• **Assignment**: Retype every entry exactly, character for character.

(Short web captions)
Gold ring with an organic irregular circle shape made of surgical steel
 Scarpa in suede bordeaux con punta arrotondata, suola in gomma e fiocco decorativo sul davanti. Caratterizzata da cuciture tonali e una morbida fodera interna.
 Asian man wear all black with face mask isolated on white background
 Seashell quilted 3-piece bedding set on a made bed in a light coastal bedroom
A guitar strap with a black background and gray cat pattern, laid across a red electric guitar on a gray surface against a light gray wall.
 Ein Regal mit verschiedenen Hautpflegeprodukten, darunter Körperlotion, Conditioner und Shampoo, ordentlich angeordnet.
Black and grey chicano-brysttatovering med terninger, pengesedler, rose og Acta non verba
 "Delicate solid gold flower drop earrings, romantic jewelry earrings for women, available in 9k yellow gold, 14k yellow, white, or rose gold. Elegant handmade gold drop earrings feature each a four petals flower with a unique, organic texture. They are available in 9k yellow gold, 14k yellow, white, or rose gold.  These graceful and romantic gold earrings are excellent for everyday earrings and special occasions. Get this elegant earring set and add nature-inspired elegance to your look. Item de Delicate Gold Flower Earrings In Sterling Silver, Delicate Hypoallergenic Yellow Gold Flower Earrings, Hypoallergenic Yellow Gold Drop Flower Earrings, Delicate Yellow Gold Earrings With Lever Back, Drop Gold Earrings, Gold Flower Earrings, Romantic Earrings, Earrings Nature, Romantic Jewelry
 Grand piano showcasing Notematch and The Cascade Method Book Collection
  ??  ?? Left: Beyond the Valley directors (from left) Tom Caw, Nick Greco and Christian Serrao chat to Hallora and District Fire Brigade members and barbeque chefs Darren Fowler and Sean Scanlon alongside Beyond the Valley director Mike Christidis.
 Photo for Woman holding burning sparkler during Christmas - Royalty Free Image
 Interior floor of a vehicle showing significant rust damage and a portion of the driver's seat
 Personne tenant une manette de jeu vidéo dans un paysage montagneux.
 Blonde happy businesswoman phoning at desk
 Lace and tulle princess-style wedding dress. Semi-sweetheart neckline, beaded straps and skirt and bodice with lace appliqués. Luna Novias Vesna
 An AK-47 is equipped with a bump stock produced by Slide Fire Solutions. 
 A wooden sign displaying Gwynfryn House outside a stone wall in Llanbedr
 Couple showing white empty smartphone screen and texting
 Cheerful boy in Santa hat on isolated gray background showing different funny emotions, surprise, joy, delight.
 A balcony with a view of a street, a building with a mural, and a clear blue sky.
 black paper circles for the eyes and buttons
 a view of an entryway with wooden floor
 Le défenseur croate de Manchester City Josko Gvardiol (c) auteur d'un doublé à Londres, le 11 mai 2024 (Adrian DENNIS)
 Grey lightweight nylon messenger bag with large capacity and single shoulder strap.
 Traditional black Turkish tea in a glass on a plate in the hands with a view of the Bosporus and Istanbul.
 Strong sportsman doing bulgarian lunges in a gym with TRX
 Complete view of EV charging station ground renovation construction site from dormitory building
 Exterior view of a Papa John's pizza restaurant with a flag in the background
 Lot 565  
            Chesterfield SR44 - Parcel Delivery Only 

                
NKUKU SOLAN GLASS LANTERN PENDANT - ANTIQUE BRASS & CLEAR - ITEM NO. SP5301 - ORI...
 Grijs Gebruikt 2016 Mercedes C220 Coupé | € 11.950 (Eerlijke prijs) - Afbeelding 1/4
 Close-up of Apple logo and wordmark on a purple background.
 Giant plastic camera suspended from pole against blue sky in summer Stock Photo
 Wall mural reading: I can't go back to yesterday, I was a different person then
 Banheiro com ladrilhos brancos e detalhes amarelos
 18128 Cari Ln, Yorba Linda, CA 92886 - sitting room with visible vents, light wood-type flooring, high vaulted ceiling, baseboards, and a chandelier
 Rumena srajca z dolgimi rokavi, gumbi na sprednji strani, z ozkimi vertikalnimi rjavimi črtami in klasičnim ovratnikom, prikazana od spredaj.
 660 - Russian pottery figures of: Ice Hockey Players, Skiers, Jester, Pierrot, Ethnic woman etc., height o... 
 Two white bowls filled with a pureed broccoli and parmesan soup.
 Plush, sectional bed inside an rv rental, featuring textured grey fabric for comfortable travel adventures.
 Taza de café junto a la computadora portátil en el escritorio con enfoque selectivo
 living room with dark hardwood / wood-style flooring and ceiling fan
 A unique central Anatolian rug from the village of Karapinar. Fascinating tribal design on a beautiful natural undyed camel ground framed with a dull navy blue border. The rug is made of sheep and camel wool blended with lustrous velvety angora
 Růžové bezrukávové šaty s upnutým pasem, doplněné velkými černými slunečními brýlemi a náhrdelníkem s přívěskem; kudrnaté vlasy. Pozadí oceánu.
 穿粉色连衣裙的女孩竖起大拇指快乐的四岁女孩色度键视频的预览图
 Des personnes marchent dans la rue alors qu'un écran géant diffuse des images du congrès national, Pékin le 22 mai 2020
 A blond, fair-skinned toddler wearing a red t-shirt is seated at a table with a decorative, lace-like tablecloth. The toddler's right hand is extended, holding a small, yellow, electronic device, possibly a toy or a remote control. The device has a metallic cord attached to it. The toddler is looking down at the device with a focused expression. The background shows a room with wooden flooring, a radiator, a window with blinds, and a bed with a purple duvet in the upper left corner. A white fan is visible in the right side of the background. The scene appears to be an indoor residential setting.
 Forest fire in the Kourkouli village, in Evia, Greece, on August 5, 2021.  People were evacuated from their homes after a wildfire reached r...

• **Solution for this problem**:
Gold ring with an organic irregular circle shape made of surgical steel
 Scarpa in suede bordeaux con punta arrotondata, suola in gomma e fiocco decorativo sul davanti. Caratterizzata da cuciture tonali e una morbida fodera interna.
 Asian man wear all black with face mask isolated on white background
 Seashell quilted 3-piece bedding set on a made bed in a light coastal bedroom
A guitar strap with a black background and gray cat pattern, laid across a red electric guitar on a gray surface against a light gray wall.
 Ein Regal mit verschiedenen Hautpflegeprodukten, darunter Körperlotion, Conditioner und Shampoo, ordentlich angeordnet.
Black and grey chicano-brysttatovering med terninger, pengesedler, rose og Acta non verba
 "Delicate solid gold flower drop earrings, romantic jewelry earrings for women, available in 9k yellow gold, 14k yellow, white, or rose gold. Elegant handmade gold drop earrings feature each a four petals flower with a unique, organic texture. They are available in 9k yellow gold, 14k yellow, white, or rose gold.  These graceful and romantic gold earrings are excellent for everyday earrings and special occasions. Get this elegant earring set and add nature-inspired elegance to your look. Item de Delicate Gold Flower Earrings In Sterling Silver, Delicate Hypoallergenic Yellow Gold Flower Earrings, Hypoallergenic Yellow Gold Drop Flower Earrings, Delicate Yellow Gold Earrings With Lever Back, Drop Gold Earrings, Gold Flower Earrings, Romantic Earrings, Earrings Nature, Romantic Jewelry
 Grand piano showcasing Notematch and The Cascade Method Book Collection
  ??  ?? Left: Beyond the Valley directors (from left) Tom Caw, Nick Greco and Christian Serrao chat to Hallora and District Fire Brigade members and barbeque chefs Darren Fowler and Sean Scanlon alongside Beyond the Valley director Mike Christidis.
 Photo for Woman holding burning sparkler during Christmas - Royalty Free Image
 Interior floor of a vehicle showing significant rust damage and a portion of the driver's seat
 Personne tenant une manette de jeu vidéo dans un paysage montagneux.
 Blonde happy businesswoman phoning at desk
 Lace and tulle princess-style wedding dress. Semi-sweetheart neckline, beaded straps and skirt and bodice with lace appliqués. Luna Novias Vesna
 An AK-47 is equipped with a bump stock produced by Slide Fire Solutions. 
 A wooden sign displaying Gwynfryn House outside a stone wall in Llanbedr
 Couple showing white empty smartphone screen and texting
 Cheerful boy in Santa hat on isolated gray background showing different funny emotions, surprise, joy, delight.
 A balcony with a view of a street, a building with a mural, and a clear blue sky.
 black paper circles for the eyes and buttons
 a view of an entryway with wooden floor
 Le défenseur croate de Manchester City Josko Gvardiol (c) auteur d'un doublé à Londres, le 11 mai 2024 (Adrian DENNIS)
 Grey lightweight nylon messenger bag with large capacity and single shoulder strap.
 Traditional black Turkish tea in a glass on a plate in the hands with a view of the Bosporus and Istanbul.
 Strong sportsman doing bulgarian lunges in a gym with TRX
 Complete view of EV charging station ground renovation construction site from dormitory building
 Exterior view of a Papa John's pizza restaurant with a flag in the background
 Lot 565  
            Chesterfield SR44 - Parcel Delivery Only 

                
NKUKU SOLAN GLASS LANTERN PENDANT - ANTIQUE BRASS & CLEAR - ITEM NO. SP5301 - ORI...
 Grijs Gebruikt 2016 Mercedes C220 Coupé | € 11.950 (Eerlijke prijs) - Afbeelding 1/4
 Close-up of Apple logo and wordmark on a purple background.
 Giant plastic camera suspended from pole against blue sky in summer Stock Photo
 Wall mural reading: I can't go back to yesterday, I was a different person then
 Banheiro com ladrilhos brancos e detalhes amarelos
 18128 Cari Ln, Yorba Linda, CA 92886 - sitting room with visible vents, light wood-type flooring, high vaulted ceiling, baseboards, and a chandelier
 Rumena srajca z dolgimi rokavi, gumbi na sprednji strani, z ozkimi vertikalnimi rjavimi črtami in klasičnim ovratnikom, prikazana od spredaj.
 660 - Russian pottery figures of: Ice Hockey Players, Skiers, Jester, Pierrot, Ethnic woman etc., height o... 
 Two white bowls filled with a pureed broccoli and parmesan soup.
 Plush, sectional bed inside an rv rental, featuring textured grey fabric for comfortable travel adventures.
 Taza de café junto a la computadora portátil en el escritorio con enfoque selectivo
 living room with dark hardwood / wood-style flooring and ceiling fan
 A unique central Anatolian rug from the village of Karapinar. Fascinating tribal design on a beautiful natural undyed camel ground framed with a dull navy blue border. The rug is made of sheep and camel wool blended with lustrous velvety angora
 Růžové bezrukávové šaty s upnutým pasem, doplněné velkými černými slunečními brýlemi a náhrdelníkem s přívěskem; kudrnaté vlasy. Pozadí oceánu.
 穿粉色连衣裙的女孩竖起大拇指快乐的四岁女孩色度键视频的预览图
 Des personnes marchent dans la rue alors qu'un écran géant diffuse des images du congrès national, Pékin le 22 mai 2020
 A blond, fair-skinned toddler wearing a red t-shirt is seated at a table with a decorative, lace-like tablecloth. The toddler's right hand is extended, holding a small, yellow, electronic device, possibly a toy or a remote control. The device has a metallic cord attached to it. The toddler is looking down at the device with a focused expression. The background shows a room with wooden flooring, a radiator, a window with blinds, and a bed with a purple duvet in the upper left corner. A white fan is visible in the right side of the background. The scene appears to be an indoor residential setting.
 Forest fire in the Kourkouli village, in Evia, Greece, on August 5, 2021.  People were evacuated from their homes after a wildfire reached r...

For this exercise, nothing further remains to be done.